The Royalty Theatre was packed to the brim to see local, national and international acts take the stage for the Adelaide Fringe Comedy Gala on February 17.
It was clear to see why this is such a hot ticket at the Adelaide Fringe each year as the audience got to sample a bunch of comedic greats, from new talent to old favourite for over two and a half hours (which went by in a flash!).
Laurence Mooney did a fantastic job stepping in as host as Peter Helliar could not be in attendance. He riled the crowd up with some poo humour, which we can all relate to.
The first act was Adelaide Fringe regular Simon Taylor, whose story about changing a tyre in the country had everyone in fits.
Butt Kapinski followed, hitting a flat note with the audience.

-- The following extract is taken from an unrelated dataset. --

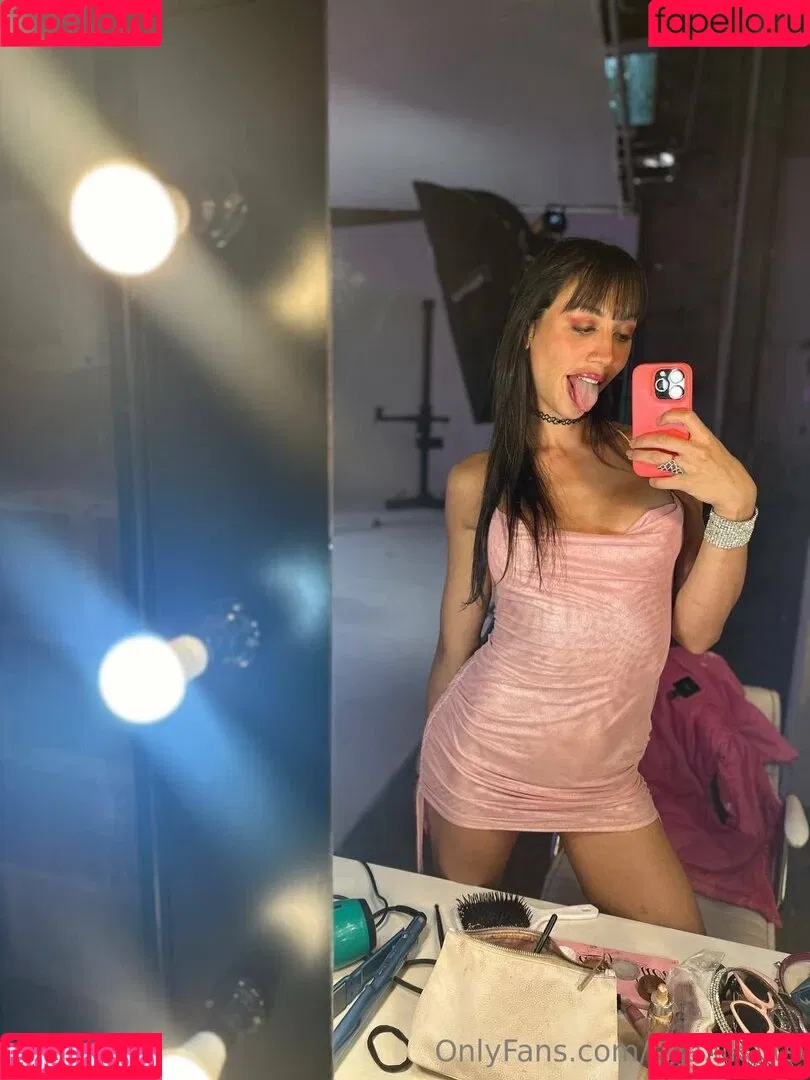 eva.lika.ts Onlyfans Photo Gallery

Her lisping film noir detective caricature was ill-received. Despite a lot of audience engagement, a large chunk of her act involving participation from the audience which couldn’t be seen by anyone seated upstairs.
Then Neel Kolhatkar’s self-depreciating humour about the struggles of being a short Indian-Australian who just wants to be sexually objectified had me in stitches.
Energetic, rapid talking Joel Creasey kept the show flowing with some hilarious anecdotes from his time spent in the jungle for “I’m A Celebrity, Get Me Out Of Here”. Let’s just say Marcia Brady is a kook!
It was a hard act to follow but all the way from Manchester, UK, Georgie Carroll was a highlight of the night. Her razor sharp wit and hysterical musings on how she raises her children had me begging for a longer set. Definitely one to see!
Akmal Saleh closed the first half of the show, also talking about his time on “I’m A Celebrity, Get Me Out Of Here”.
Local Adelaidian Mick Dwyer (or Mickey D) started the second half strong but Adrienne Truscott, American feminist and Adelaide Fringe Ambassador, had the lowest point of the evening. Ten minutes of rape jokes were viewed as tasteless for the vast majority. It proved too much for one audience member to bear. Host Laurence Mooney managed to calm the restless crowd from booing too much and restored the laughter after what was quite an awkward moment for all.
Merrick Watts’s jokes about his mum’s homemade clothes took a lighter side which many were relieved for.
Amos Gill followed up with a cringe worthy tale of his first handjob and Tom Gleeson ended the note on a high by poking holes in the logic of renewable energy naysayers.
All in all, it was a rollicking good time and the perfect way to start the Adelaide Fringe season.